Overall Importance of the Customer Journey

Today, most senior-level marketers (86%) agree that it’s absolutely critical or very important to create a cohesive customer journey across all touchpoints and channels. Another 11% view the customer journey as moderately important. However, the number of marketers currently using the phrase “customer journey” is lower: 40% of marketing leaders surveyed said their company uses the term “customer journey.” It’s possible that an increased focus on customers’ cohesive experience with brands has already infiltrated marketing strategy across industries, but the term “customer journey” isn’t yet a part of most marketers’ vocabulary. We asked senior-level marketers what terminology their companies use to describe the customer journey. See their responses in this word cloud.

When it comes to businesses of different sizes and their respective customer journey strategies, survey responses showed: 

  • Enterprise companies—defined as those with more than 2,500 employees—are significantly more likely to have adopted a customer journey focus as part of their overall strategy.
  • 56% of enterprise companies have adopted a customer journey strategy, compared to 33% of midsized companies (those with 201-2,500 employees) and 27% of small businesses (those with 200 or fewer employees).
  • However, only 29% of enterprise companies rate themselves as very effective or effective at creating a cohesive customer journey, compared to 40% of small businesses.

Respondents attributed their inability to create a cohesive customer journey to siloed business teams, as well as a disjointed view of customer data across systems. For example, when asked why they rated their team’s ability to create a cohesive customer journey as not very effective or not at all effective, these respondents said: 

  • “Our teams have a product approach, not a customer-centric approach, to product development and marketing.”
     – Vice president, enterprise B2C company
  • “Disparate understanding of the concept and difficulty getting out of their own channel silo to work with others to create a cohesive articulation of the journey.”
    – CMO, mid-sized B2C company
  • “No coordinated customer view or communication across product lines.”
    – Vice president, enterprise B2C company
  • “There are so many touchpoints and interactions with so many different people that it’s hard to control/manage them.”
    – CMO, mid-sized B2B company

 

B2B Understanding of the Customer Journey

B2B and B2C marketers have different understandings of the customer journey. Of the 510 B2B marketers surveyed, 37% had adopted the term “customer journey” into their overall business strategy. They define the customer journey primarily with words like customer, process, buy, experience, sale, and purchase. These words align with the B2B marketer’s priorities of generating leads and developing new business.

The following chart shows the technologies that B2B marketers find most important to and effective for creating a cohesive customer journey.

B2B marketers ranked marketing analytics, CRM tools, and content management as the most important for customer journey success; these tools were also rated among the most effective.

B2C Understanding of the Customer Journey
Forty-two percent of the 475 B2C marketers surveyed had adopted the term “customer journey” into their overall business strategy, slightly more than B2B companies’ 37%. B2C marketers’ definitions primarily centered on terms like customer, experience, brand, path, and purchase.

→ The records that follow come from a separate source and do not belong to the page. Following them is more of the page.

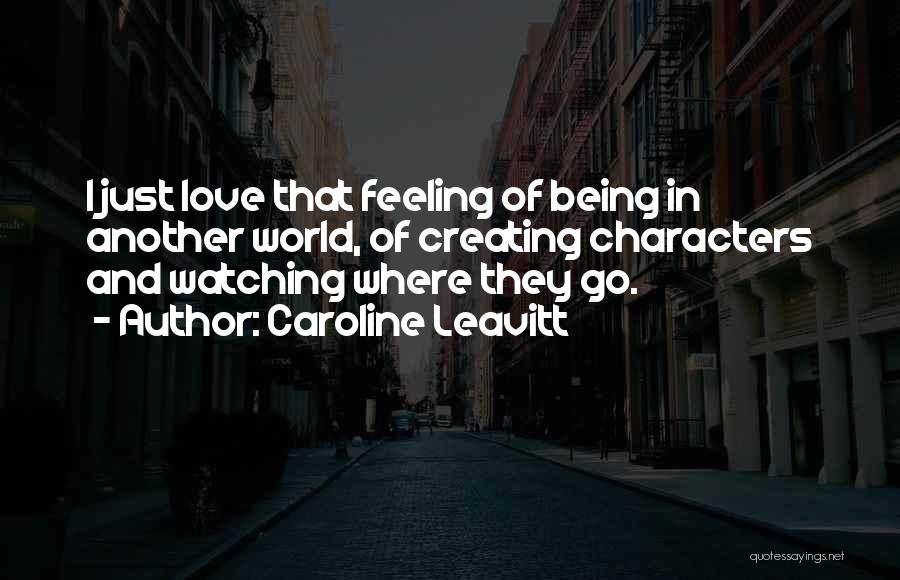 Caroline Leavitt Quotes 128577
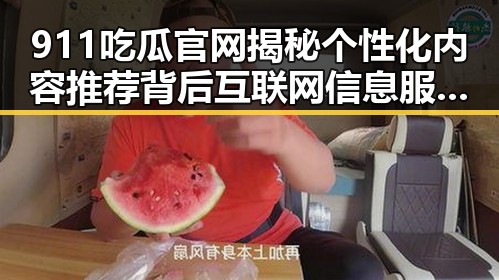 911吃瓜官网揭秘个性化内容推荐背后互联网信息服务管理办法启示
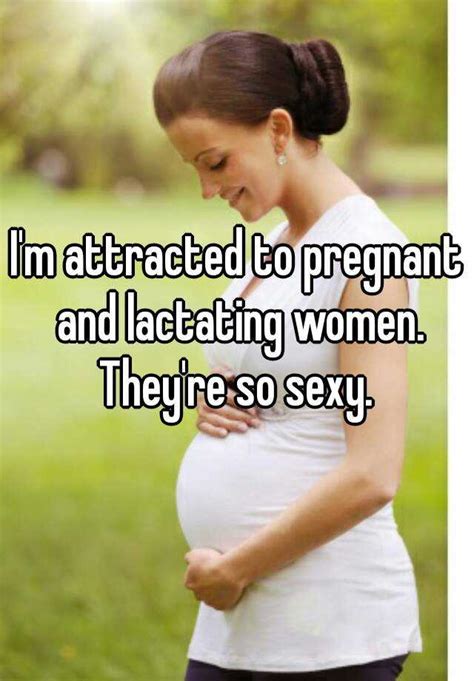 I M Attracted To Pregnant And Lactating Women They Re So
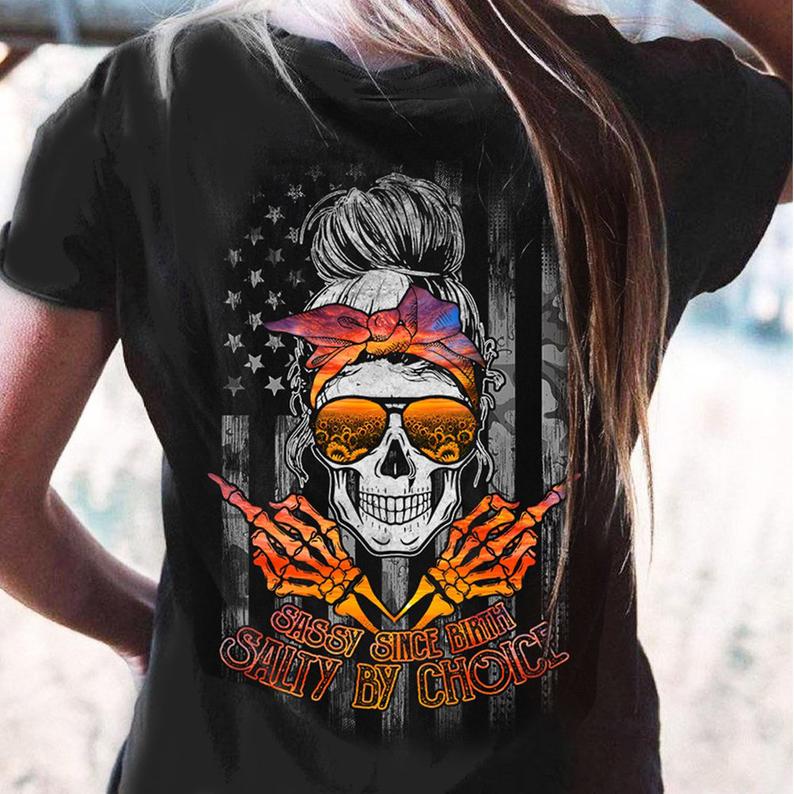 Sassy Since Birth Salty By Choice American Flag Sunflower Sunglasses Skull Lady T-shirt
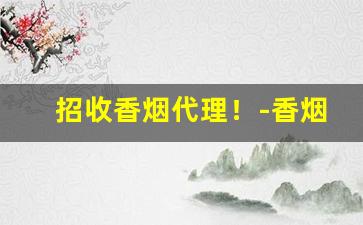 招收香烟代理！-香烟代销商在哪里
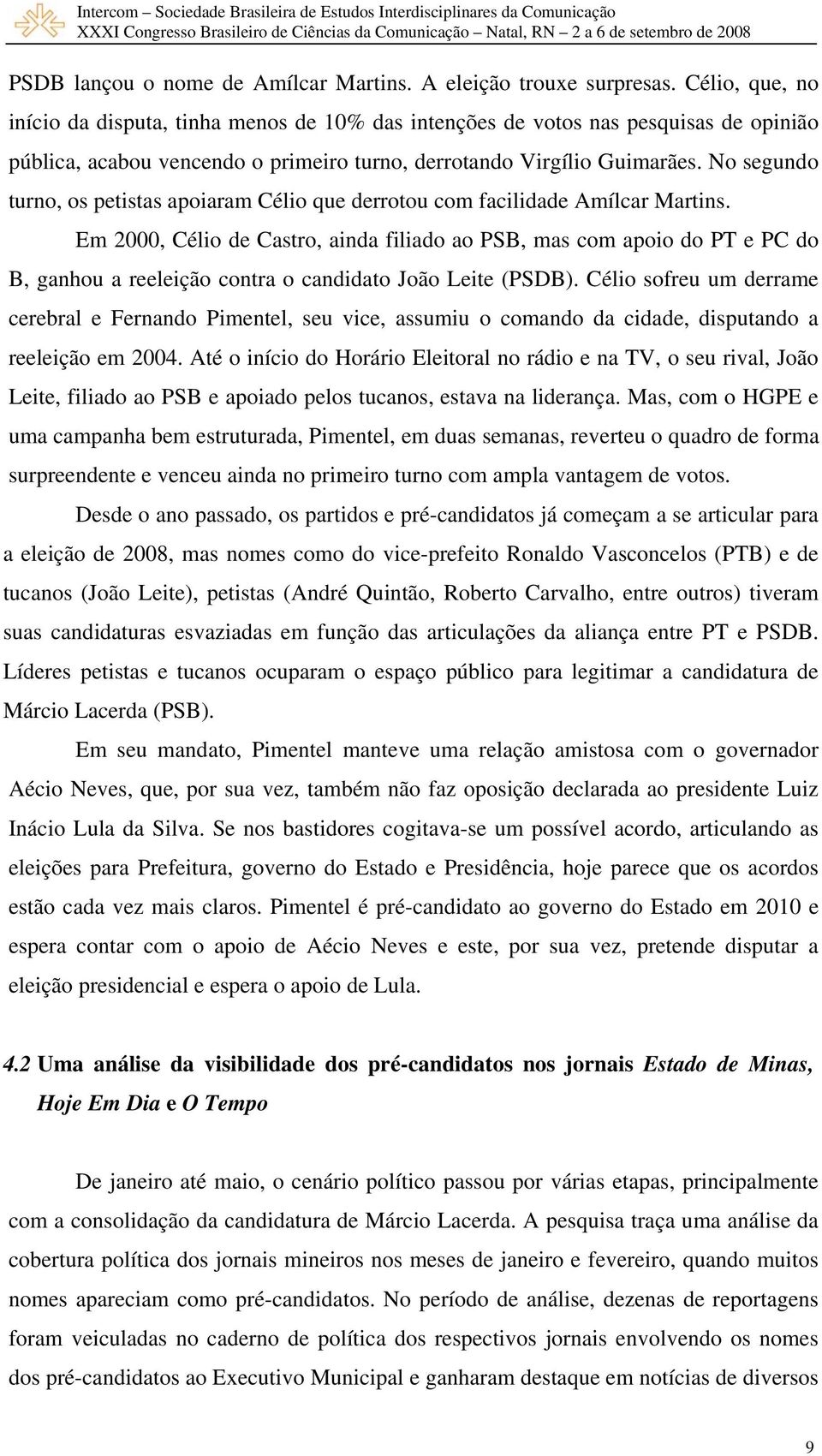 No segundo turno, os petistas apoiaram Célio que derrotou com facilidade Amílcar Martins.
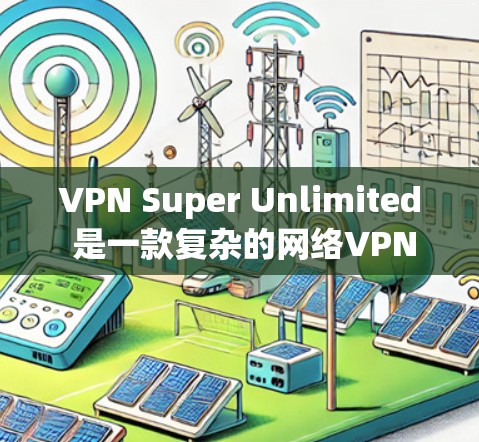 VPN Super Unlimited 是一款复杂的网络VPN软件，适合对网络安全有较高要求的用户。以下是使用该软件的详细步骤和注意事项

These terms
align with the B2C marketer’s priority to increase customer satisfaction and create personalized brand experiences. 

This chart shows the technologies that B2C marketers find most important to creating a cohesive customer journey, also showing the effectiveness of these channels.

Like B2B marketers, B2C marketers also rated marketing analytics, CRM tools, and content management as highly important to creating a cohesive customer journey, but B2B and B2C marketers differed in some technologies of choice.

For example:

  • 35% of B2B marketers rated social publishing tools “very effective” in the customer journey vs. 43% of B2C marketers.
  • CRM tools were rated “very effective” by 41% of B2B marketers vs. 36% of B2C marketers.